(Dataset excerpts)

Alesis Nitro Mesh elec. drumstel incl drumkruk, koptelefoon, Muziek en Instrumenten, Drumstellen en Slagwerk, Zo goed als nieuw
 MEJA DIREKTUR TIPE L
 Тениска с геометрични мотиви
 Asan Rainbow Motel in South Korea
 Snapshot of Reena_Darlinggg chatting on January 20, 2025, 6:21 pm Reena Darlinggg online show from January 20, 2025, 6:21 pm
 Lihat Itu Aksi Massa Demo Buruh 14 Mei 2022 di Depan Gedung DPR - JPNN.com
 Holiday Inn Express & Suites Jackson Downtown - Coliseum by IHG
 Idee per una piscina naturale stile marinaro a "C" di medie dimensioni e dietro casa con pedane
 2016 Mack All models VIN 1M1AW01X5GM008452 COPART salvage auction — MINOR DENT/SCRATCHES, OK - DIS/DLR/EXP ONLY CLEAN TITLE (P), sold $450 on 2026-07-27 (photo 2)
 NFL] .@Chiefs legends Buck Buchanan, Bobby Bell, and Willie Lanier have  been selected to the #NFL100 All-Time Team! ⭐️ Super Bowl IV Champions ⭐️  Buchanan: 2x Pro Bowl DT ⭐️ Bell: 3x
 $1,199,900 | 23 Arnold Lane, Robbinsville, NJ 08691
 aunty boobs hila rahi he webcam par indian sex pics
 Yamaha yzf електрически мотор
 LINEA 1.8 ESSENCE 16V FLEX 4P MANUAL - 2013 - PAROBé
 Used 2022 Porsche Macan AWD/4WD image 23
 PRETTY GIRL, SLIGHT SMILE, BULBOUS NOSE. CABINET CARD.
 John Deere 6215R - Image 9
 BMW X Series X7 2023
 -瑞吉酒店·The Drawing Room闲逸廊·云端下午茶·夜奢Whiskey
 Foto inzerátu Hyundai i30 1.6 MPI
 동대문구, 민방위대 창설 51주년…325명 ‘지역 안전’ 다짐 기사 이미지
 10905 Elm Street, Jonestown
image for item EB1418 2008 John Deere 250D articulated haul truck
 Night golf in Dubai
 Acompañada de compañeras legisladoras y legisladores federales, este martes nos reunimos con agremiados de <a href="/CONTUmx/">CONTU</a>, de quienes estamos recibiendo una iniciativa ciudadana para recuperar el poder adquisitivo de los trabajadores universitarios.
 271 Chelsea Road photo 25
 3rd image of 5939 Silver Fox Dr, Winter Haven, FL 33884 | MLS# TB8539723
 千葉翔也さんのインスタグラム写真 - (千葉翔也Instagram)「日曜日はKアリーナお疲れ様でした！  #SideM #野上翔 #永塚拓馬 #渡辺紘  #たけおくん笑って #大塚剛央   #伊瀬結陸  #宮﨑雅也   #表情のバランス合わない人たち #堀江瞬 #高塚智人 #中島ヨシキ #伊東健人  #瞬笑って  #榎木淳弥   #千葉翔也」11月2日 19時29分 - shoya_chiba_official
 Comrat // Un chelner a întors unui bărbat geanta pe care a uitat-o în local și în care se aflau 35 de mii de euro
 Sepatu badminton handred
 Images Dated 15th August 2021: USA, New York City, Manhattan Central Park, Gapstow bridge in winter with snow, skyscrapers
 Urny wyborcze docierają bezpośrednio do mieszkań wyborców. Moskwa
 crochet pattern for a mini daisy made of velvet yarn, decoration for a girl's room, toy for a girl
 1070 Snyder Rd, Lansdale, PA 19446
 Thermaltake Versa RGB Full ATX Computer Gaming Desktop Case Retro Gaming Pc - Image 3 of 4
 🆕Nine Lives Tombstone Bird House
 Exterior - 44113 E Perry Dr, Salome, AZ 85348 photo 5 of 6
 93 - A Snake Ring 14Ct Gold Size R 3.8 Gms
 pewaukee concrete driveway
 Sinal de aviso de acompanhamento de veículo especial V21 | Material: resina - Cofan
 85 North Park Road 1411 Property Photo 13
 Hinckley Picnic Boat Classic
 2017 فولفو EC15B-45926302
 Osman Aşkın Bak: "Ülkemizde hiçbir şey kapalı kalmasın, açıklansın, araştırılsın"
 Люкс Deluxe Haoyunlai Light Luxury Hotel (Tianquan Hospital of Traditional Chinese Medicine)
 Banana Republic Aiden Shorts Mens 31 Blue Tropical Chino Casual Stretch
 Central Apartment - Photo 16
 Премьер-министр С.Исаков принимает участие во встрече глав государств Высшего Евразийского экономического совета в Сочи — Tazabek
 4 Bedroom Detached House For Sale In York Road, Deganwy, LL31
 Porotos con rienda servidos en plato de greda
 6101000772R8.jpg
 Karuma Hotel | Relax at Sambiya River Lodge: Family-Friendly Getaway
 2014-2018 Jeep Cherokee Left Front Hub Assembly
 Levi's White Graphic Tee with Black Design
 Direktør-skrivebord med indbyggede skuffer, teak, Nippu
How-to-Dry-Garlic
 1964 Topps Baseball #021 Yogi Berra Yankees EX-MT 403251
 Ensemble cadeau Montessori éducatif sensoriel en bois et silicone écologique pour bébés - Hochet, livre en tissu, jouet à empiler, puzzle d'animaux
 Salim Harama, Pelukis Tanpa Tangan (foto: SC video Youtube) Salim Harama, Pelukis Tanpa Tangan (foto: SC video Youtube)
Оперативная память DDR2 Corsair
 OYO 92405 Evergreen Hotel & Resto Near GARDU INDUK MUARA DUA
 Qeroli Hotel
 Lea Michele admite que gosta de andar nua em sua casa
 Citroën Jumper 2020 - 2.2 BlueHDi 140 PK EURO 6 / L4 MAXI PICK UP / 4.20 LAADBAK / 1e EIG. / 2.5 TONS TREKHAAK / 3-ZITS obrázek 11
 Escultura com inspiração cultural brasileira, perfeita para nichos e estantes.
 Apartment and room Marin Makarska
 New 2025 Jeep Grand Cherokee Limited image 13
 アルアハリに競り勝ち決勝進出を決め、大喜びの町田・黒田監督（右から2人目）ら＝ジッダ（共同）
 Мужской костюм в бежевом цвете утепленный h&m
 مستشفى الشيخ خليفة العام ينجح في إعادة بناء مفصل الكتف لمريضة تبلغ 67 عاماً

Directions —
Set out exactly the lines from the one bearing "video Youtube) Salim" through the end of the data, including both ends and omitting all others.

Output for this exercise —
 Salim Harama, Pelukis Tanpa Tangan (foto: SC video Youtube) Salim Harama, Pelukis Tanpa Tangan (foto: SC video Youtube)
Оперативная память DDR2 Corsair
 OYO 92405 Evergreen Hotel & Resto Near GARDU INDUK MUARA DUA
 Qeroli Hotel
 Lea Michele admite que gosta de andar nua em sua casa
 Citroën Jumper 2020 - 2.2 BlueHDi 140 PK EURO 6 / L4 MAXI PICK UP / 4.20 LAADBAK / 1e EIG. / 2.5 TONS TREKHAAK / 3-ZITS obrázek 11
 Escultura com inspiração cultural brasileira, perfeita para nichos e estantes.
 Apartment and room Marin Makarska
 New 2025 Jeep Grand Cherokee Limited image 13
 アルアハリに競り勝ち決勝進出を決め、大喜びの町田・黒田監督（右から2人目）ら＝ジッダ（共同）
 Мужской костюм в бежевом цвете утепленный h&m
 مستشفى الشيخ خليفة العام ينجح في إعادة بناء مفصل الكتف لمريضة تبلغ 67 عاماً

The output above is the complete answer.